**What is needed:** Every line from the one holding "Watercolor blue and" through the one holding "Nouveau ventilateur de" in the data below must be returned exactly, both ends included, with pictures left out and nothing else added.
Input records below:
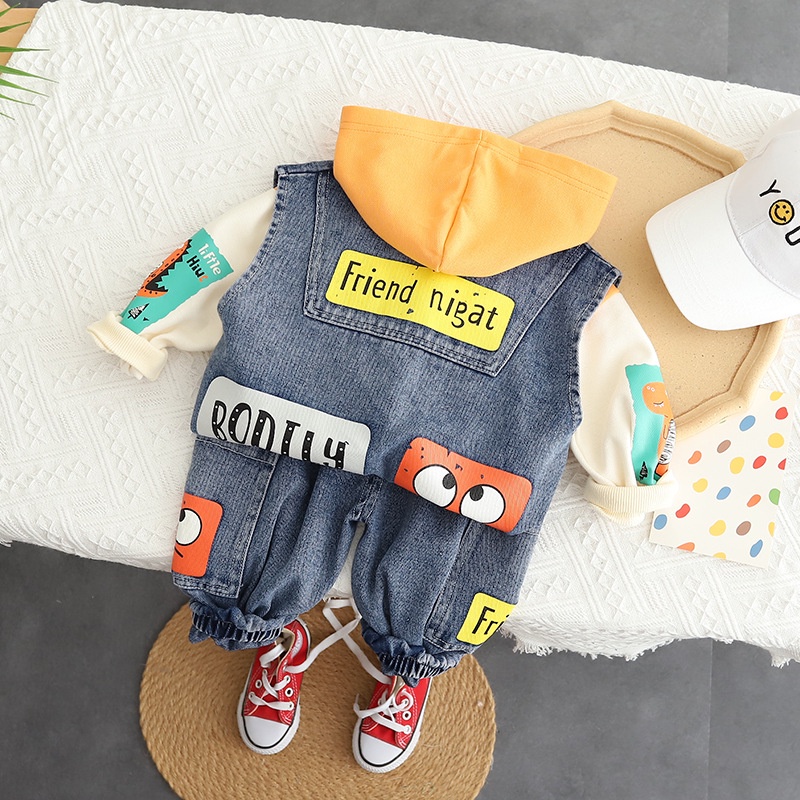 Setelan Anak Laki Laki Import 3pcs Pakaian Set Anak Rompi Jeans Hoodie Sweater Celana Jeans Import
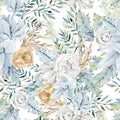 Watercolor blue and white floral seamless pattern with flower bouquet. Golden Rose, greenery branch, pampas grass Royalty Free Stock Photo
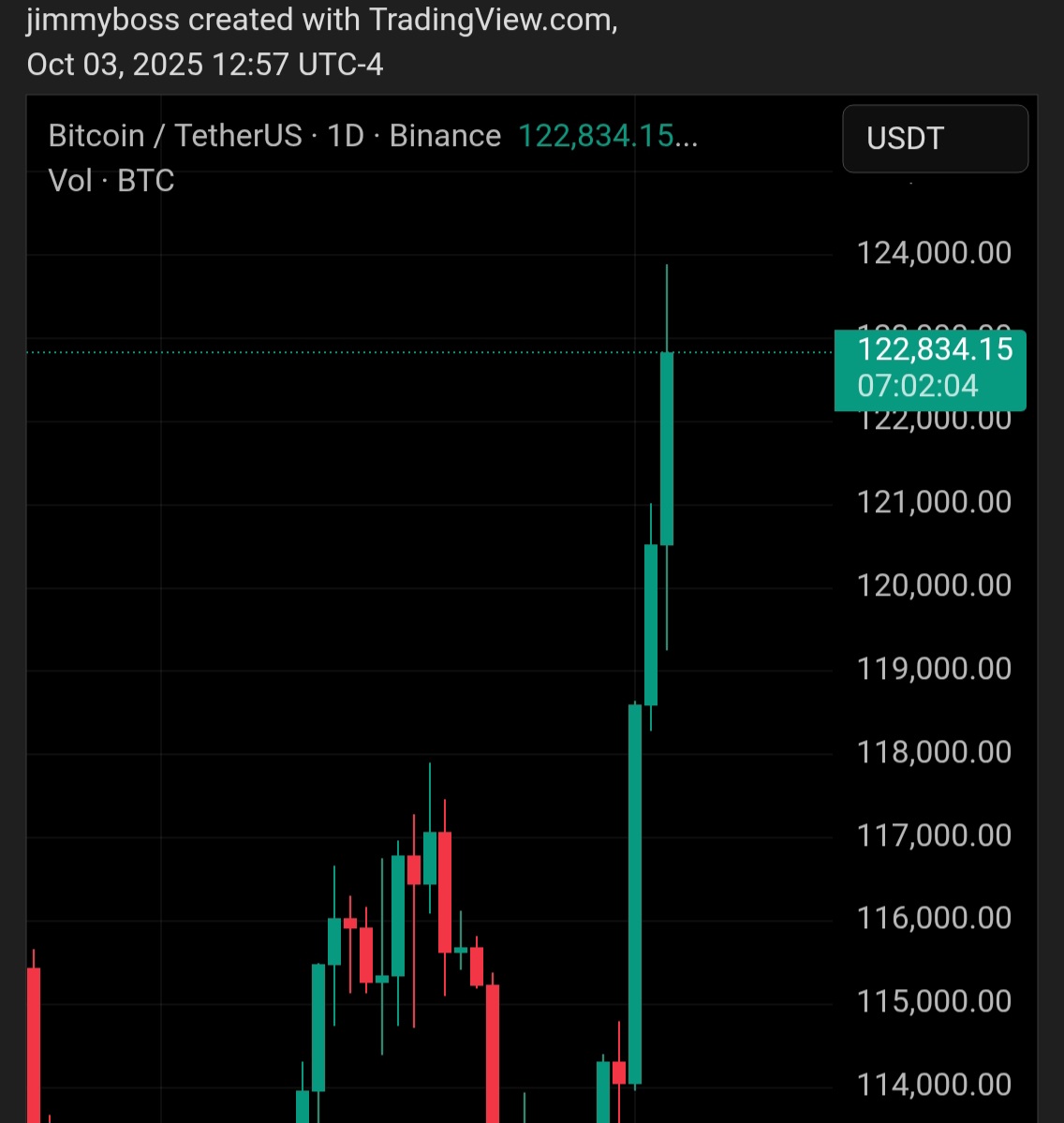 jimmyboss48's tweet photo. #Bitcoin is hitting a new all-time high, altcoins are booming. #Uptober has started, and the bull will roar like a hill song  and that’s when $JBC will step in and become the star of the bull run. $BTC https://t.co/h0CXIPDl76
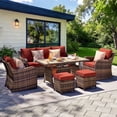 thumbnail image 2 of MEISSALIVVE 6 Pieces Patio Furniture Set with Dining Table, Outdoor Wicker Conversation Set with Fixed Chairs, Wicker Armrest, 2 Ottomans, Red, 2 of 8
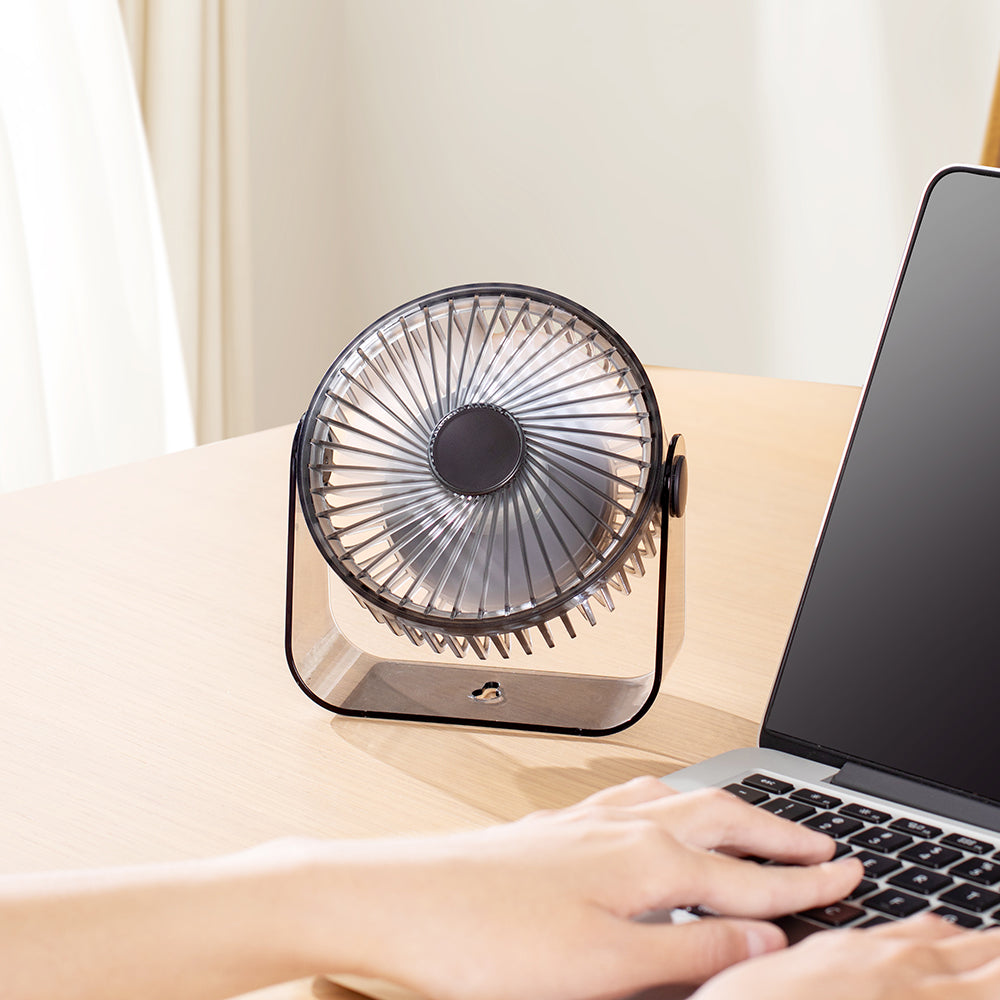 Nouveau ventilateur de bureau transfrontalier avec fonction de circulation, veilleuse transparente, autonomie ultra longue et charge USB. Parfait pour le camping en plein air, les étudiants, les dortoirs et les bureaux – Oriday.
End of Input records.
Input records below:
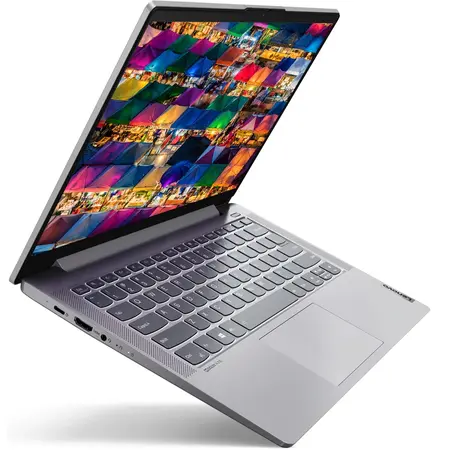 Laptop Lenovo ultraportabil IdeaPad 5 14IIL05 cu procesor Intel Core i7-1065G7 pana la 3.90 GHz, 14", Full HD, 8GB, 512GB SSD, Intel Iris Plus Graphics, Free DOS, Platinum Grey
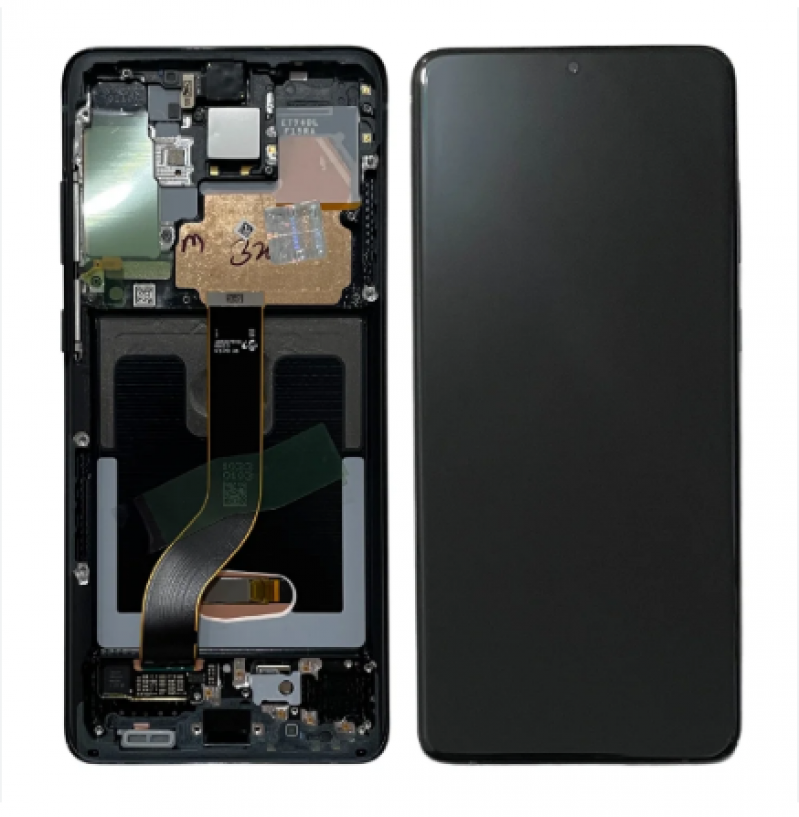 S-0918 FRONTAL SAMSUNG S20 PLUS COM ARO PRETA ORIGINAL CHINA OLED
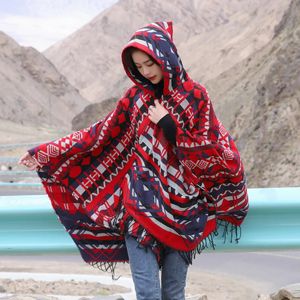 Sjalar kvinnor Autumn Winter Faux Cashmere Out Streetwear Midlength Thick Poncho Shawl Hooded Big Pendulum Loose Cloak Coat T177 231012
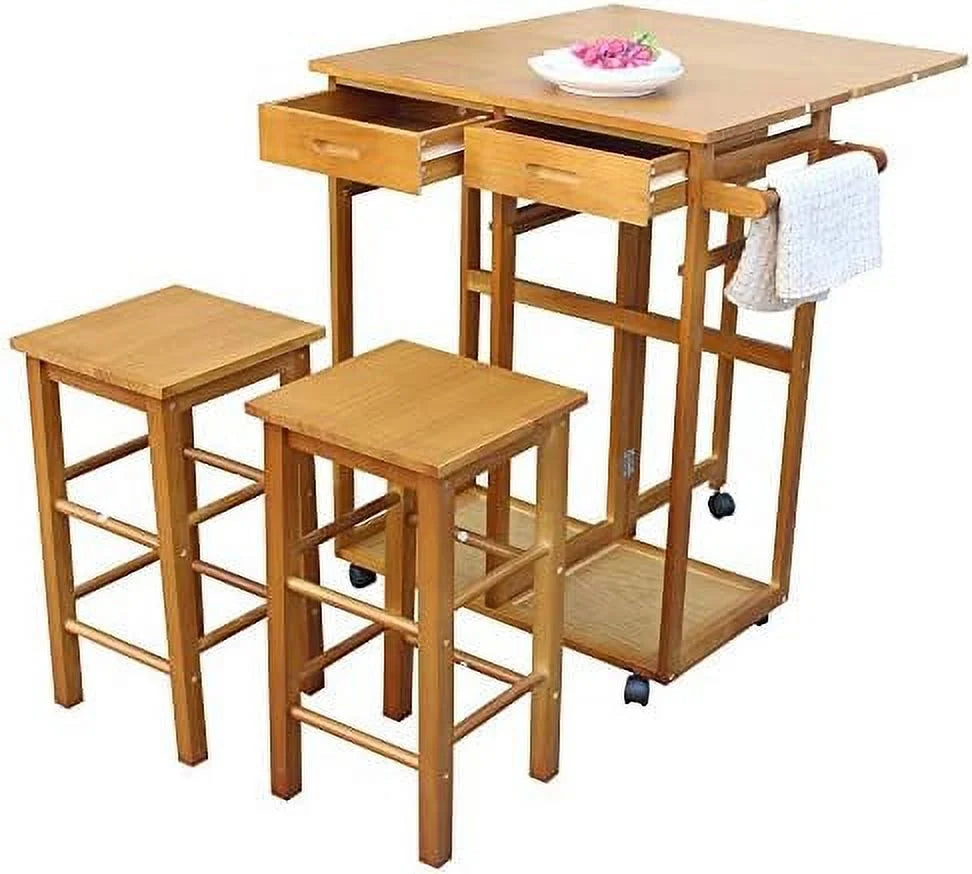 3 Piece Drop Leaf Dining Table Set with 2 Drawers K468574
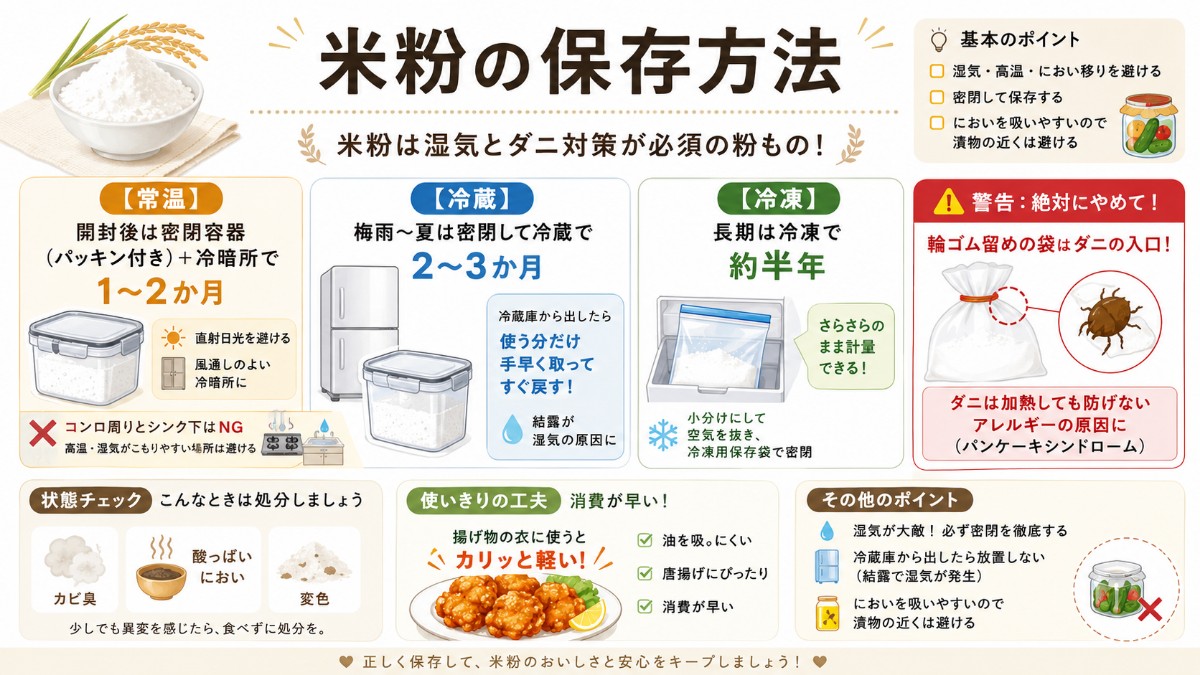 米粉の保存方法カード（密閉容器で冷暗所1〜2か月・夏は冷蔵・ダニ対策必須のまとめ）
End of Input records.
**Output for this task:**
 Watercolor blue and white floral seamless pattern with flower bouquet. Golden Rose, greenery branch, pampas grass Royalty Free Stock Photo
 jimmyboss48's tweet photo. #Bitcoin is hitting a new all-time high, altcoins are booming. #Uptober has started, and the bull will roar like a hill song  and that’s when $JBC will step in and become the star of the bull run. $BTC https://t.co/h0CXIPDl76
 thumbnail image 2 of MEISSALIVVE 6 Pieces Patio Furniture Set with Dining Table, Outdoor Wicker Conversation Set with Fixed Chairs, Wicker Armrest, 2 Ottomans, Red, 2 of 8
 Nouveau ventilateur de bureau transfrontalier avec fonction de circulation, veilleuse transparente, autonomie ultra longue et charge USB. Parfait pour le camping en plein air, les étudiants, les dortoirs et les bureaux – Oriday.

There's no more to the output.